Lagu yang terekam dalam kaset [Sumber: FB kasetku kasetmu]

BARANGKALI ada yang merasakan saat usia 30-an, ada sesuatu yang aneh tapi menarik dalam menikmati musik. Seolah-olah waktu berhenti, dan kita terjebak dalam nostalgia nada lama. Bagi banyak orang, usia ini menjadi momen refleksi, dan musik memainkan peran penting di dalamnya. Lagu-lagu yang dulu akrab di telinga kini menjadi semacam pengingat akan masa muda yang penuh gairah. Ketika Power Metal dengan "Angkara"-nya, Kla Project,  Dewa 19, Gombloh, Iwan Fals, atau Frangky Sahilatua terdengar, pikiran kita melompat kembali ke era kaset dan CD, ketika setiap lagu terasa lebih bermakna karena sering kali harus kita dengarkan dari awal hingga akhir. Seperti dalam Enricopasini, kita bisa mengulang masa lalu melalui musik.

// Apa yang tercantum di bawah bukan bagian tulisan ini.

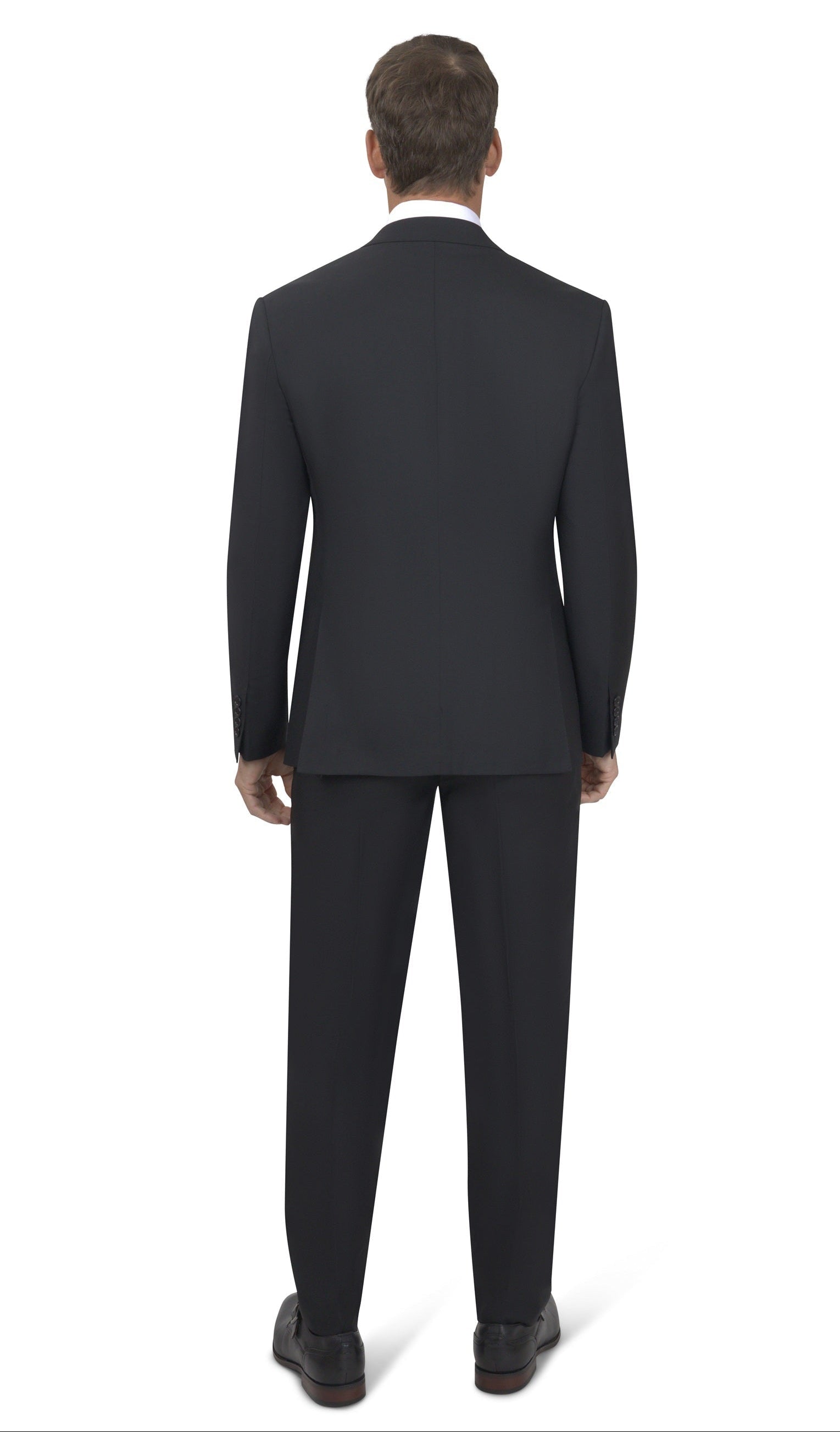 BERGAMO ELEGANT - Vitale Barbaris Charcoal Grey Suit 886.601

Bagi mereka yang tumbuh besar pada 1990-an dan awal 2000-an, nama-nama seperti Base Jam, Sheila on 7, atau Peterpan adalah bagian tak terpisahkan dari perjalanan hidup. Musik mereka bukan hanya hiburan, melainkan teman di setiap fase kehidupan—dari patah hati, jatuh cinta, hingga perjuangan menemukan diri sendiri. Misalnya, ketika Base Jam melantunkan "Bukan Pujangga," siapa yang tidak pernah merasa lagunya seperti cerminan kehidupan cinta mereka? Atau Sheila on 7 dengan "Dan," yang melukiskan harapan sederhana tentang cinta sejati.  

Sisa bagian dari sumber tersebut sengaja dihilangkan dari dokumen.